Inspeção do Trabalho inicia fiscalização após explosão em fábrica no Paraná

Etapas da fiscalização

De acordo com o engenheiro de Segurança do Trabalho Daniel Francisco Quintans Riveiro, chefe do Setor de Segurança e Saúde da Superintendência Regional do Trabalho, a inspeção ainda está em fase inicial.

O trabalho envolve:

  • Análise técnica de documentos e registros da empresa;

  • Verificação das condições físicas da instalação após o acidente;

  • Avaliação do cumprimento das normas de SST e meio ambiente de trabalho;

  • Conferência das medidas adotadas para evitar novas explosões e garantir a proteção dos trabalhadores que permanecem no local.

Segundo Riveiro, a empresa já foi fiscalizada anteriormente. Em 2019, máquinas chegaram a ser interditadas com base na NR 12 (Segurança no Trabalho em Máquinas e Equipamentos), sendo liberadas apenas após adequações. Agora, a auditoria também verificará o cumprimento da NR 19 (Explosivos) e demais normas aplicáveis.


Próximos passos da investigação

Ao final da apuração, os auditores fiscais poderão recomendar medidas como:

  • Interdições ou ajustes na infraestrutura da fábrica;

  • Revisão de procedimentos operacionais;

  • Treinamentos reforçados para trabalhadores;

  • Implantação de novos dispositivos de segurança.

O relatório final será encaminhado à Advocacia Geral da União (AGU) e ao Ministério Público do Trabalho (MPT), que poderão adotar medidas legais contra a empresa, caso sejam constatadas irregularidades.
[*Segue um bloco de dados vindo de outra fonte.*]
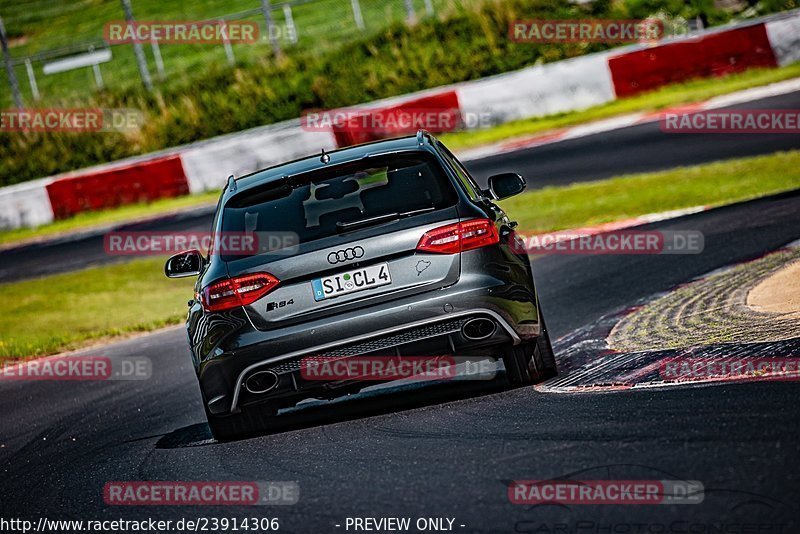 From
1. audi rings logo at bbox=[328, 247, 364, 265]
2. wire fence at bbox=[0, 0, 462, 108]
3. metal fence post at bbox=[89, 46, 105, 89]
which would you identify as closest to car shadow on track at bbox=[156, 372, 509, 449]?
audi rings logo at bbox=[328, 247, 364, 265]

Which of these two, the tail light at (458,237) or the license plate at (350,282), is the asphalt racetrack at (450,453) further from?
the tail light at (458,237)

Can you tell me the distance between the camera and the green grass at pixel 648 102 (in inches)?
870

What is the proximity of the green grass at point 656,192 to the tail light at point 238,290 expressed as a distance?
8.58 m

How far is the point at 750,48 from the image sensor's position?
903 inches

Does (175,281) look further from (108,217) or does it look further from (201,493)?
(201,493)

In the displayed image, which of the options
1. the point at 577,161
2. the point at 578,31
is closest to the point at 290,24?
the point at 578,31

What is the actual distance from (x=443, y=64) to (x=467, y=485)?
74.8 ft

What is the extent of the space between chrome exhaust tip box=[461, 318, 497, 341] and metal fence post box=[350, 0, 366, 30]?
2353 cm

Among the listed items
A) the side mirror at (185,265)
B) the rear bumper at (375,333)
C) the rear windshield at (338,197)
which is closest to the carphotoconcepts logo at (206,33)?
the side mirror at (185,265)

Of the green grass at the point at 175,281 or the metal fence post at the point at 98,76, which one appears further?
the metal fence post at the point at 98,76

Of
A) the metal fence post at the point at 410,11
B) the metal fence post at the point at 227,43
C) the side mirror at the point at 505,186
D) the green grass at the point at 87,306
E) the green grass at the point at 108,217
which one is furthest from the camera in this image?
the metal fence post at the point at 227,43

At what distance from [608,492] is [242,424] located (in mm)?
2911

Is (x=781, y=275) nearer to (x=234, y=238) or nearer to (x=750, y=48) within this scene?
(x=234, y=238)

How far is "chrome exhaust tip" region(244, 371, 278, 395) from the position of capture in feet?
22.3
Riscos da indústria de explosivos

O engenheiro e consultor Antonio Carlos Vendrame lembra que no setor de explosivos “o primeiro erro pode ser o último”. Isso porque os riscos são extremamente altos e incluem:

  • Explosões acidentais por impacto, atrito, eletricidade estática, calor ou falha em equipamentos;

  • Incêndios, já que muitas substâncias são altamente inflamáveis;

  • Exposição a agentes tóxicos;

  • Fragmentação em caso de explosões;

  • Danos ambientais, como contaminação do solo, da água e do ar.
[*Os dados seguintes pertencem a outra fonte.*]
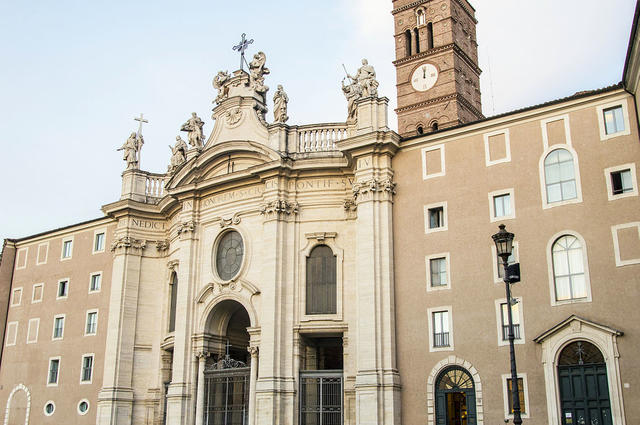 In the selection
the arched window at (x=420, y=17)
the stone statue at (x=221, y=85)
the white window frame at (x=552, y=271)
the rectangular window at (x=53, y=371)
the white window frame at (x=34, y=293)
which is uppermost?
the arched window at (x=420, y=17)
Embora o segmento adote tecnologias modernas – como emulsões explosivas e sistemas de detonação eletrônica –, ainda existem diferenças significativas entre grandes fabricantes e empresas menores ou terceirizadas, onde falhas de manutenção e treinamentos insuficientes são mais comuns.


Reflexões sobre o setor

O mercado de explosivos é estratégico, com aplicações em mineração, construção civil, pirotecnia e munições. Porém, sua complexidade e alto risco exigem controles rígidos e fiscalização constante.
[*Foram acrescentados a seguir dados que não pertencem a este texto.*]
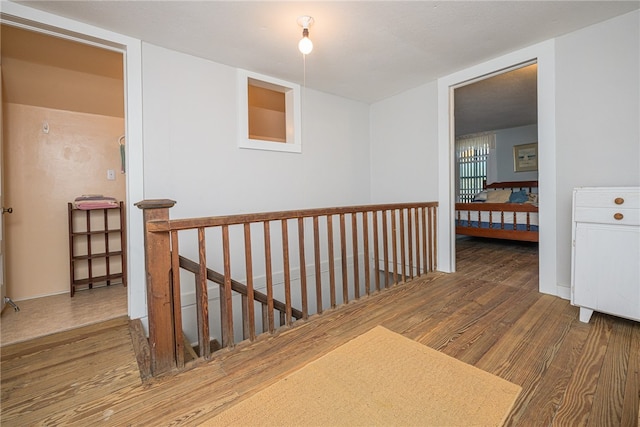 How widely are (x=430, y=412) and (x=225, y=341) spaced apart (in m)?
1.15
A tragédia em Quatro Barras evidencia a importância da gestão preventiva de SST, da adoção de tecnologias seguras e da responsabilidade compartilhada entre empresas, trabalhadores e órgãos fiscalizadores.


Conclusão

A explosão na fábrica da Enaex Brasil é um alerta de que a negligência em segurança pode custar vidas. As investigações em andamento devem apontar caminhos para prevenir novos acidentes, reforçando que, em atividades de risco elevado, a prevenção não é opcional – é vital.